Our overall pick for most growing electronics manufacturers is Katana Cloud Inventory. It hits the sweet spot of real BOM and MRP capability without the six-figure implementation cost of legacy ERPs, and its Shopify/QuickBooks integrations mean you can run a hardware company with a small ops team. Founders graduating from spreadsheets will feel the productivity jump within days.
Next step: Don't sign anything yet. Pull your three most complex BOMs (the ones with sub-assemblies, alternate parts, and revision history) and ask each vendor to demo loading them. The ones that struggle to import a real Altium BOM are the ones that will struggle in production. Also test how each system handles a simulated lead-time change on a long-lead component — that single workflow tells you almost everything about their MRP engine.
What to watch for in 2026: AI-assisted demand forecasting is moving from buzzword to actually useful, especially for components with seasonal or cyclical demand.

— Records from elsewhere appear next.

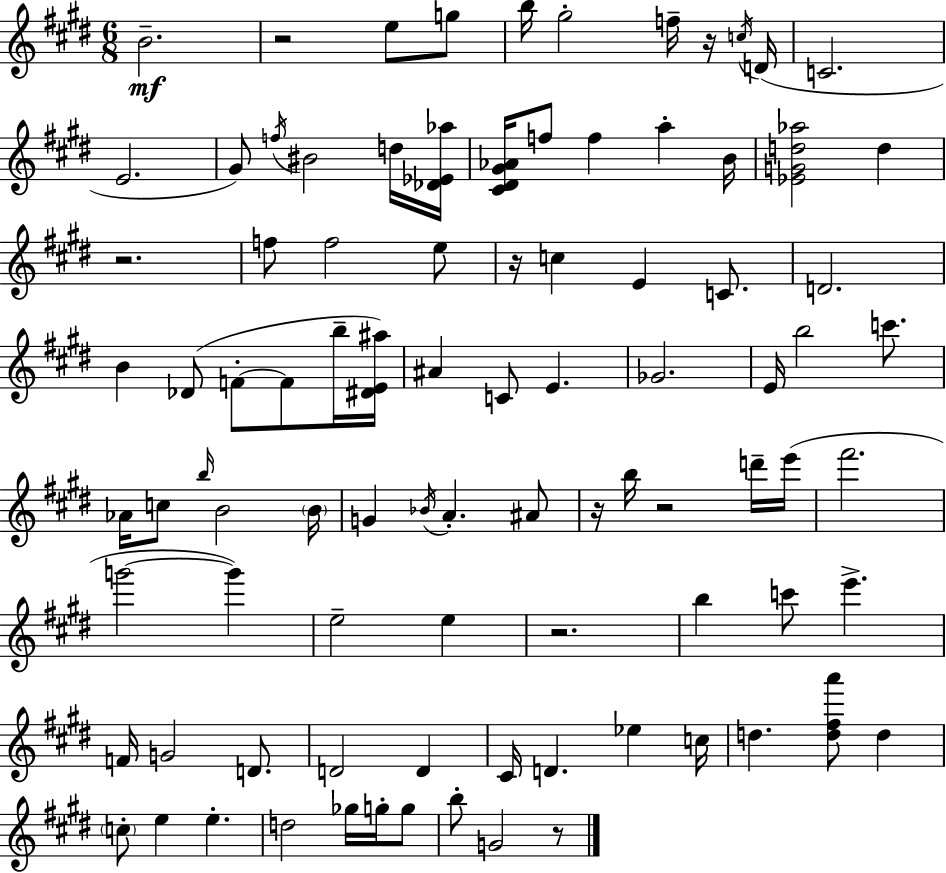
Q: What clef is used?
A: treble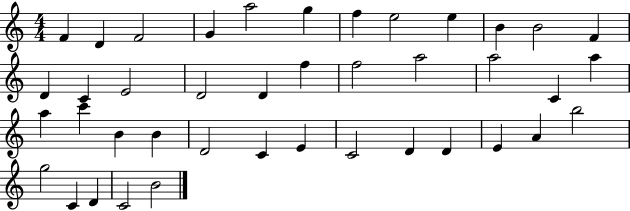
{
  \clef treble
  \numericTimeSignature
  \time 4/4
  \key c \major
  f'4 d'4 f'2 | g'4 a''2 g''4 | f''4 e''2 e''4 | b'4 b'2 f'4 | \break d'4 c'4 e'2 | d'2 d'4 f''4 | f''2 a''2 | a''2 c'4 a''4 | \break a''4 c'''4 b'4 b'4 | d'2 c'4 e'4 | c'2 d'4 d'4 | e'4 a'4 b''2 | \break g''2 c'4 d'4 | c'2 b'2 | \bar "|."
}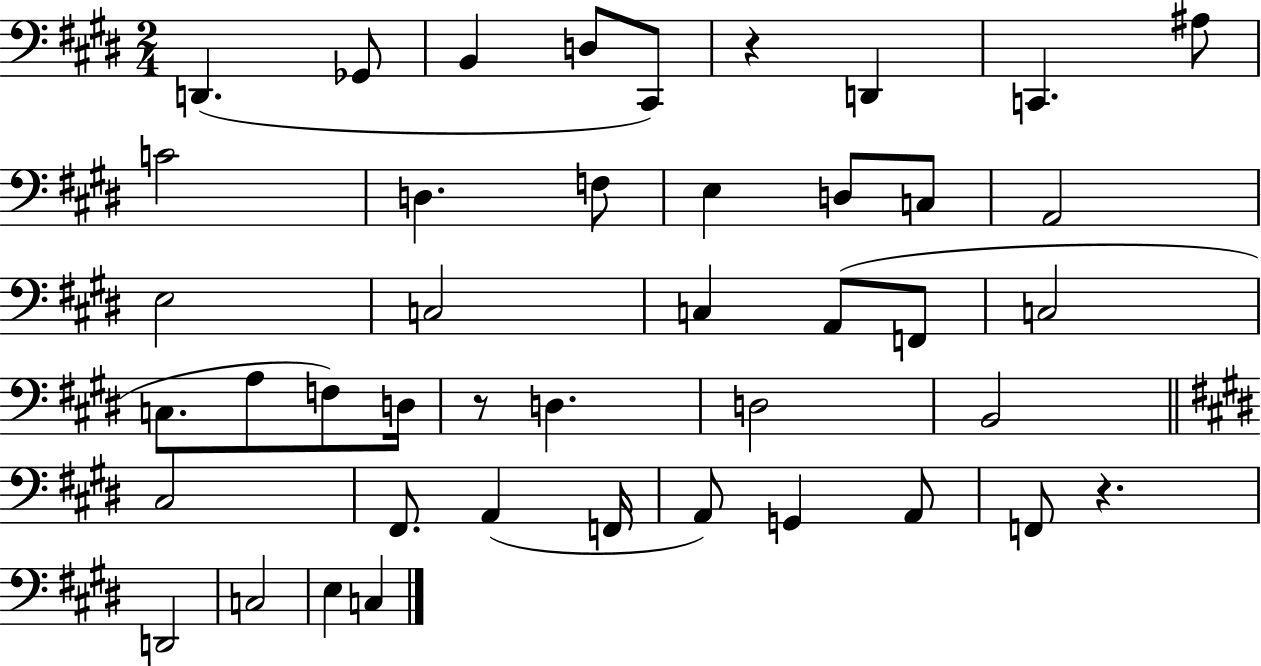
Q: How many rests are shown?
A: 3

Several vendors here are also adding native support for component shortage alerts pulled from distributor APIs (Octopart, Digi-Key, Mouser). If you're shopping now, ask about both. For broader operations tooling, also see our best ERP software guide and best manufacturing software category page.
Frequently Asked Questions
Do electronics manufacturers need a full ERP or is inventory software enough?
Once you're building anything with a multi-level BOM, you need at minimum an MRP-capable inventory system. Pure inventory software (think Sortly or basic warehouse tools) breaks the moment you have sub-assemblies, work orders, or component substitutions. Most growing electronics shops outgrow generic inventory tools within 12-18 months and need either a focused MRP platform like Katana or MRPeasy, or a full ERP.
How important is component traceability for small electronics manufacturers?
More than most founders expect. Even without aerospace or medical certifications, your customers will increasingly demand lot and date-code traceability for warranty claims and counterfeit-component disputes. If you ever plan to sell to industrial, automotive, or government customers, traceability is non-negotiable — and it's far cheaper to set it up from day one than to retrofit it after an audit.
Can these tools import BOMs from Altium, KiCad, or SolidWorks?
Most support CSV-based BOM import out of the box, which works fine for Altium and KiCad exports. Direct PLM integrations are rarer — Oracle NetSuite, SAP Business One, and Epicor Kinetic offer native or partner integrations with major CAD/PLM tools, while Katana, MRPeasy, and Odoo typically require either CSV workflow or a middleware connector like Make or Zapier.
What's the cheapest viable option for a small electronics manufacturer?
MRPeasy starts around $49/user/month and is purpose-built for small manufacturers with real BOM and MRP capabilities. Odoo's manufacturing module is free if you self-host, but the implementation effort is significant. For pure cloud convenience under $200/month total, MRPeasy is usually the most pragmatic starting point.
How long does implementation typically take for these systems?
Cloud-native tools (Katana, MRPeasy, Cin7) can be live in 2-6 weeks with clean data. Odoo implementations average 2-4 months depending on customization. Enterprise systems (NetSuite, SAP Business One, Epicor Kinetic) realistically take 4-9 months and require a partner or internal project manager. The biggest variable is always BOM data hygiene — start cleaning it before you pick a tool.